Keywords: Th17 T cells, Regulatory T cells, ovarian cancer, dendritic cells, p38 MAPK

1. Introduction

In recent years, it has become increasingly apparent that ovarian tumors avail themselves of multiple mechanisms of immune evasion, the most prominent of which is recruitment and infiltration of regulatory T cells that suppress anti-tumor immunity. Landmark studies from Curiel and colleagues showed that regulatory T cells (Treg) are recruited to ovarian tumors by the chemokine CCL22 (predominantly expressed by ovarian tumors), and that the presence of Treg confers immune privilege and is associated with a poor prognosis and increased mortality [1]. Other investigators have corroborated these observations, showing that high expression of the forkhead box transcription factor foxp3, which is preferentially expressed by CD4+ Treg, is an independent prognostic factor for reduced overall survival in ovarian cancer [2], and that a high CD8+ T cell/Treg ratio is associated with a more favorable prognosis for this disease [3]. These observations support the idea that depletion of tumor-associated Treg, or inhibition of Treg function, may be beneficial, particularly in conjunction with active tumor-specific immunotherapy.
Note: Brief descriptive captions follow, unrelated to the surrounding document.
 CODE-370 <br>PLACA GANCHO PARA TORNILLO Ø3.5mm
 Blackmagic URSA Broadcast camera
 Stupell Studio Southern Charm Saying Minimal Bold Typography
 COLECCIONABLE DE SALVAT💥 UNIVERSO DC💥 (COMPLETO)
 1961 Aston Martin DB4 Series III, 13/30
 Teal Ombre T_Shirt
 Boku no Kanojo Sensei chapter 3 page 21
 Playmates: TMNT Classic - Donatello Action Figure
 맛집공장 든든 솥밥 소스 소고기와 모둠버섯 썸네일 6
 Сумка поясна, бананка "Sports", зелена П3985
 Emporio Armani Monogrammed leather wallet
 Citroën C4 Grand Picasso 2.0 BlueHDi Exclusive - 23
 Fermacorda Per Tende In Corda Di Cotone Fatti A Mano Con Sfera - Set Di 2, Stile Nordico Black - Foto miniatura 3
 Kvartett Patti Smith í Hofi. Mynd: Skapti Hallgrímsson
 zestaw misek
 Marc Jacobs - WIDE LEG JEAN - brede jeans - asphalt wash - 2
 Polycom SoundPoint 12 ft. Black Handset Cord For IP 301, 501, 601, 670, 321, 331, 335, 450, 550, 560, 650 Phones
In contrast with the strong evidence that Treg infiltration is associated with poor outcomes in ovarian cancer (and other malignancies), the recent observation that Th17 T cell infiltration in ovarian cancer correlates with markedly more favorable clinical outcomes provides a striking counterpoint [4]. Tumor-infiltrating Th17 cells were positively associated with effector cells and negatively associated with Treg infiltration, with the latter relationship arguably being founded on the known reciprocal regulation of Treg and Th17 differentiation [5, 6]. Tumor-associated macrophages were shown to be efficient inducers of T cell IL-17 production, through an IL-1β-dependent mechanism [4], an observation that is consistent with evidence pointing to a critical role for IL-1β in the induction of human Th17 responses [79]. Furthermore, Kryczek and colleagues found a positive correlation between ascites IL-17 and the Th1-associated chemokines CXCL9 and CXCL10, and provided evidence that Th17 T cell production of IL-17 and IFNγ induced expression of CXCL10. In turn, the levels of CXCL9 and CXCL10 in tumor ascites positively correlated with tumor-infiltrating CD8+ T cells [4].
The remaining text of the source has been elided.